The Tennessee Drug Control Act is patterned after the Uniform Controlled Substances Act, which has been adopted, with various modifications, in 43 states, Puerto Rico, and the Virgin Islands. 9 U.L.A., Supp. 1974-77, at 47. The Uniform Act, in turn, is based in large measure on the Federal Controlled Substances Act, 21 U.S.C. § 801 et seq. 9 U.L.A., at 146.
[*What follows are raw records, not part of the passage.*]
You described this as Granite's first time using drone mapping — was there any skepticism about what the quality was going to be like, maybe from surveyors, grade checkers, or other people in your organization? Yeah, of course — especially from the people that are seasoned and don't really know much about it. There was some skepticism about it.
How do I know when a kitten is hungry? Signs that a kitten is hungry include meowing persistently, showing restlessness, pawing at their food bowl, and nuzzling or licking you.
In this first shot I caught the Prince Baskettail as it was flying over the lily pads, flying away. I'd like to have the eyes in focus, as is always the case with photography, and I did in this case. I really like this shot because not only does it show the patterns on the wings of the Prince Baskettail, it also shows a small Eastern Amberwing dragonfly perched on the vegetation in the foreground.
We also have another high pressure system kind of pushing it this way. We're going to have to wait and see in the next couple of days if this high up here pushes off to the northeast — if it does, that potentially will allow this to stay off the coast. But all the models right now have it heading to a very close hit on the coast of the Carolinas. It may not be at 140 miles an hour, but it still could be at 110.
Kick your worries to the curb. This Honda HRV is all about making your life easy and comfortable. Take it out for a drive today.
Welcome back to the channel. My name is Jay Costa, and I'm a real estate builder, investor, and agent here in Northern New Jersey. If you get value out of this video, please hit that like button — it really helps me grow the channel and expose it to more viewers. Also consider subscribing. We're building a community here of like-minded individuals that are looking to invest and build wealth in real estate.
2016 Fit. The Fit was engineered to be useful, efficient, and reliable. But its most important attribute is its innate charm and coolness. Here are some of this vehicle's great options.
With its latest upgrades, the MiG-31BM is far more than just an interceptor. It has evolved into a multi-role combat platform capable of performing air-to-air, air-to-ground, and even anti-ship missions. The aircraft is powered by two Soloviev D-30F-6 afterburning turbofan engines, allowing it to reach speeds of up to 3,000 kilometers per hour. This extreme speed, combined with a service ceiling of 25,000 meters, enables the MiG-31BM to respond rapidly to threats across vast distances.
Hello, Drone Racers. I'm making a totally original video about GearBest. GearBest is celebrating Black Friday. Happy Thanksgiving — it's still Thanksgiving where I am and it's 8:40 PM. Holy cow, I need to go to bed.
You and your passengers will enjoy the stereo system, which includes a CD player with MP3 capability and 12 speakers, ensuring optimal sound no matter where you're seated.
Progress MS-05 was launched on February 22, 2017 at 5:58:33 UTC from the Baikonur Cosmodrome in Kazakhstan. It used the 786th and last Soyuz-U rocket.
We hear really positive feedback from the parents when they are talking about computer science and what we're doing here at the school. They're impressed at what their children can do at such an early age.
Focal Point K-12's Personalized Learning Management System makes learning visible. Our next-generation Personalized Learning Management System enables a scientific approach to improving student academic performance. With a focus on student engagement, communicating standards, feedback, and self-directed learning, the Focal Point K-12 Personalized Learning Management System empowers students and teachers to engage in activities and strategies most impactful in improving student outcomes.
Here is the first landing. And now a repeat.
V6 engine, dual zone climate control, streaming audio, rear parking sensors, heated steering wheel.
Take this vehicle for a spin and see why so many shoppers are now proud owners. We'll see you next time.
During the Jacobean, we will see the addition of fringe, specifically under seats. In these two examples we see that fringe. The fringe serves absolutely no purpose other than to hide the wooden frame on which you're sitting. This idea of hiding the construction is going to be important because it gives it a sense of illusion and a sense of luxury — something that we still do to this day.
Although it did not form a basis for the trial judge's decision, it has been argued before this court that, as diazepam is not one of the controlled substances listed in the Code, the defendant did not have fair notice that its sale was a crime. Of course, if the defendant did not have fair notice that the conduct upon which his indictment is based was unlawful, that indictment could not stand. Lanzetta v. New Jersey, 306 U.S. 451, 59 S.Ct. 618, 83 L.Ed. 888 (1939). However, that situation is not presented here. The defendant has been indicted for conduct clearly proscribed by a duly enacted statute, as amplified by the regulations issued pursuant to it, to which the statute makes reference. There is no indication in the record before us that the regulations defining the offense for which the defendant was indicted were not reasonably accessible to any person who would seek them out. Compare State v. King, Minn., 257 N.W.2d 693 (1977) with State v. Dougall, 89 Wn.2d 118, 570 P.2d 135 (1977) and People v. Avery, 67 Ill.2d 182, 9 Ill.Dec. 645, 367 N.E.2d 79 (1977). Therefore, the defendant must be presumed to have known the content of those regulations, and will be held accountable for any violation of them. McKnight v. State, 171 Tenn. 574, 106 S.W.2d 556 (1937); Atkins v. State, 95 Tenn. 474, 32 S.W. 391 (1895).
Although not strictly relevant to the question of whether the defendant had notice that his conduct was a violation of state law, in all fairness it should be noted that the sale of diazepam is an offense against federal law as well. 21 C.F.R. § 1308.14.
The judgment of the trial court is reversed, and the cause is remanded for trial.
HENRY, C.J., and FONES, BROCK and HARBISON, JJ., concur.